Anderson’s portrait of the Middle East should prompt rethinking by everyone. Supporters of basing new measures largely or solely on religion – and specifically, on what they see as the dangerously reactionary, intolerant, anti-Western nature of Islam – will be struck by the relatively small role played by religion in the author’s analysis. But if you think about it seriously, you don’t have to view Islam as a model of peace and progressivism, or ignore evidence of grossly outsized American Muslim participation in terrorist activity, to recognize that the religion is widespread in a huge, populous part of the world – Southeast Asia – where it hasn’t been a major security threat. Moreover, the large Muslim populations of India and Bangladesh don’t qualify, either. (At the same time, due largely to the – often Saudi Arabian-funded – propagation of fundamentalism, an extremist threat has certainly been growing in these areas.)

At the same time, “Fractured Lands” strengthens the case for thoroughgoing immigration and refugee policy changes by presenting abundant evidence that the nation (and world) do face a special problem from the Arab Muslim world. Anderson rightly describes both the domestic and foreign influences that led him to observe that “In my professional travels over the decades, I had found no other region to rival the Arab world in its utter stagnation.”
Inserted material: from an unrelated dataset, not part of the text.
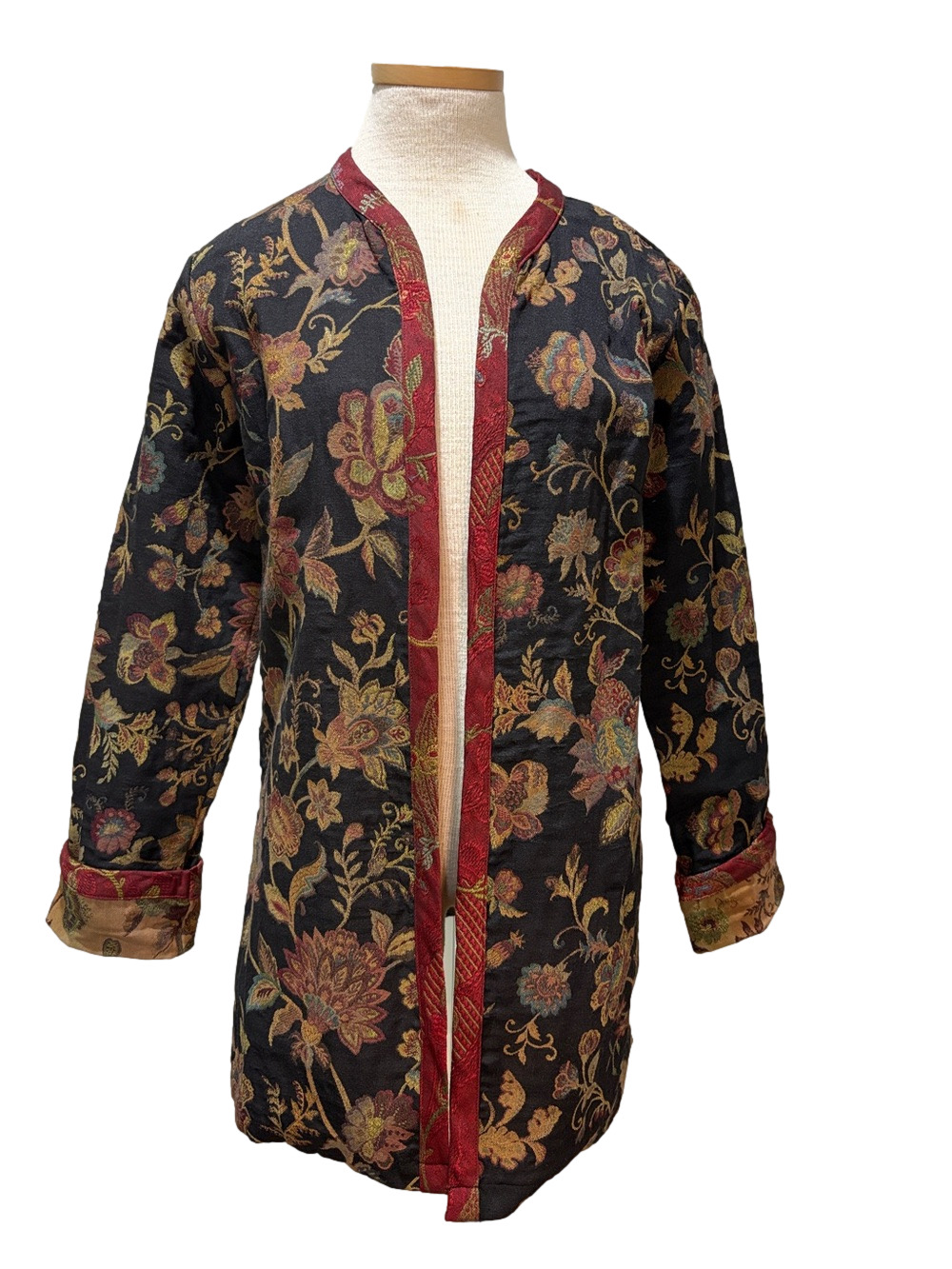 All Faithful vintage sz L black floral tapestry open front jacket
Those who have finished the compelling picture Anderson has drawn of disastrous foreign meddling and imperialism in the Middle East could reasonably be tempted to claim that outsiders have actually been the main problem. After all, as the author reminds, the early 20th century Europeans practically ensured eventual chaos by creating states with no regard for “national coherence, and even less to tribal or sectarian divisions.” The logical follow-on point: Immigration curbs would amount to the contemptible version of “blaming the victim.”

But again, the experiences of other parts of the world push back strongly against this position. Much of East Asia, for example, was controlled by Europe for long stretches of modern history. (And the United States ruled the Philippines for decades.) True, Japan remained independent, and China was at least nominally so. Foreign imperial ventures in the region, moreover, don’t seem to have resulted in borders that so flagrantly ignored ethnic realities.
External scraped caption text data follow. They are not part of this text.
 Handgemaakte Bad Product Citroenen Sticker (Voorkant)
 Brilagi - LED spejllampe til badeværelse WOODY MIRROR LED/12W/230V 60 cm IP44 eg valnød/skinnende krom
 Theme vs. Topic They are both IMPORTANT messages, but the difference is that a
But both Japan and China suffered horrific destruction during World War II, Korea was all but flattened in the 1950s, and Indochina experienced a similar nightmare in the 1960s and 1970s. Moreover, several Asian countries that emerged from the imperial era were religious and ethnic polyglots to some extent – like Malaysia, Singapore, and especially Indonesia. And don’t forget the subcontinent! Yet even counting the latter’s brutally violent post-independence breakup into Hindu-dominated India and overwhelmingly Muslim (East and West) Pakistan, they’ve cohered much better than the Arab Muslim countries, not to mention leaving them in the dust economically.

So it’s hard to avoid the conclusion that East and South Asia have, despite towering obstacles, somehow created the ingredients for longer-term success that have totally eluded the Arab Muslim world. As a result, it’s just as hard to avoid asking why anyone would expect even the beginnings of Middle Eastern progress along these lines in the foreseeable future – and why, without immigration policy overhaul, the region won’t continue to send violent extremists abroad, including to the United States.

The challenge, then, to everyone involved in the Middle East immigration debate is clear. Status quo fans will have to reject their denialism. And restrictionists will need to come up with properly focused, workable curbs. Of course, election years aren’t the most promising times for such consensus building. But don’t expect much sympathy on that score from the terrorists.